Exercise input:

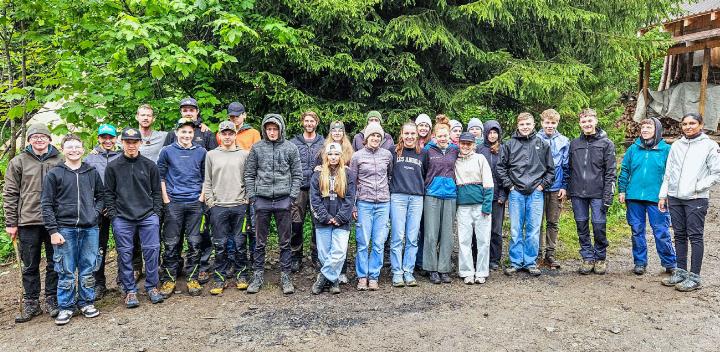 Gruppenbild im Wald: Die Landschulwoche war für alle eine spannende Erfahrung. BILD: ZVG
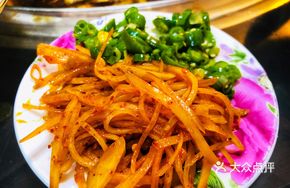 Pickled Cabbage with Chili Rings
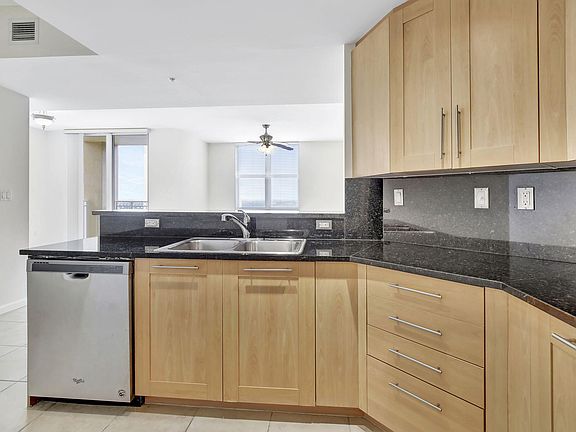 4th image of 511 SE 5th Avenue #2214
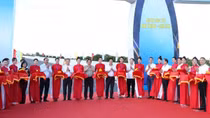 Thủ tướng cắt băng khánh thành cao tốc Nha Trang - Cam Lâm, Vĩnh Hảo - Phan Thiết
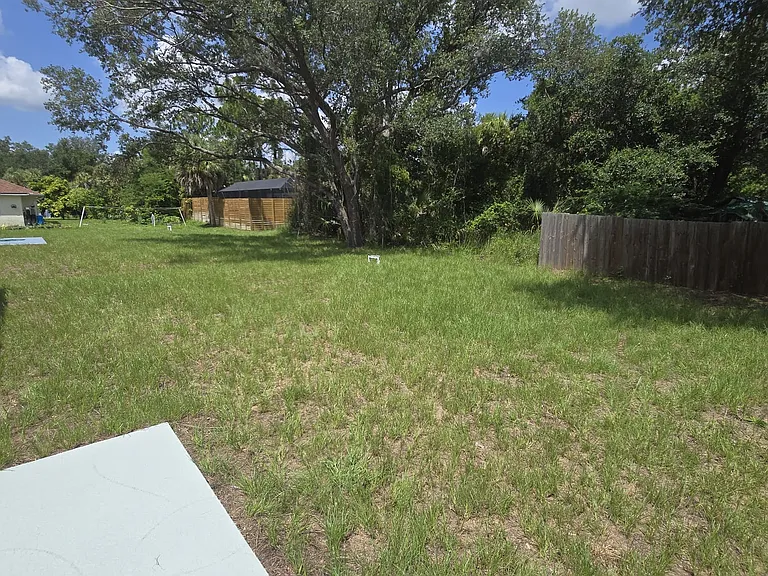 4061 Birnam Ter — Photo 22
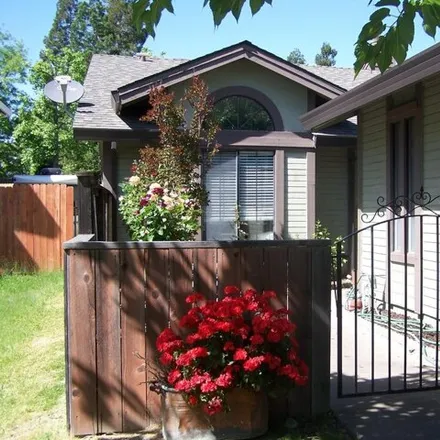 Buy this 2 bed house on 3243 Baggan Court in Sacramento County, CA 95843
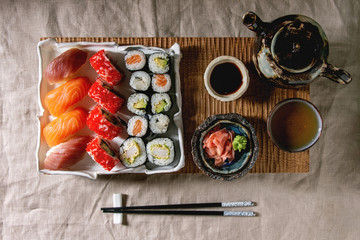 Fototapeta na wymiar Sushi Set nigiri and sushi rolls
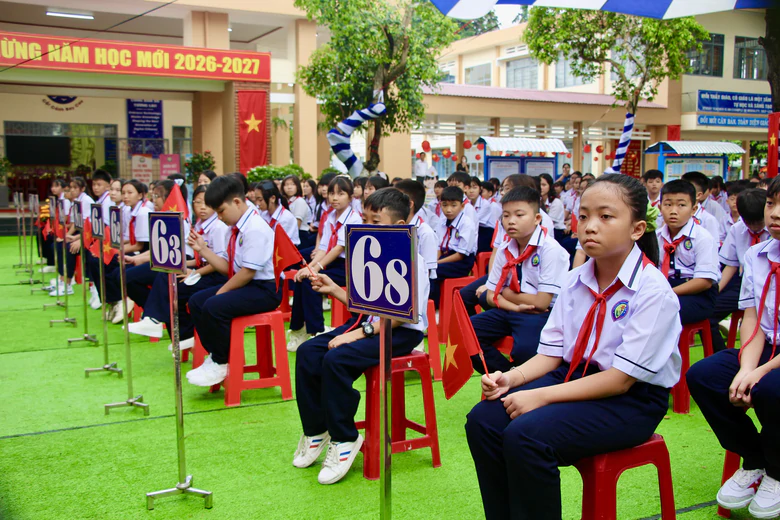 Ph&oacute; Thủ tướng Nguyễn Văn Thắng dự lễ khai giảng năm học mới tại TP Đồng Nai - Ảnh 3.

Problem:
An exact copy is needed of every line from the line containing "Buy this 2 bed" to the last line of the records; pictures stay out of it.

Solved exercise:
 Buy this 2 bed house on 3243 Baggan Court in Sacramento County, CA 95843
 Fototapeta na wymiar Sushi Set nigiri and sushi rolls
 Ph&oacute; Thủ tướng Nguyễn Văn Thắng dự lễ khai giảng năm học mới tại TP Đồng Nai - Ảnh 3.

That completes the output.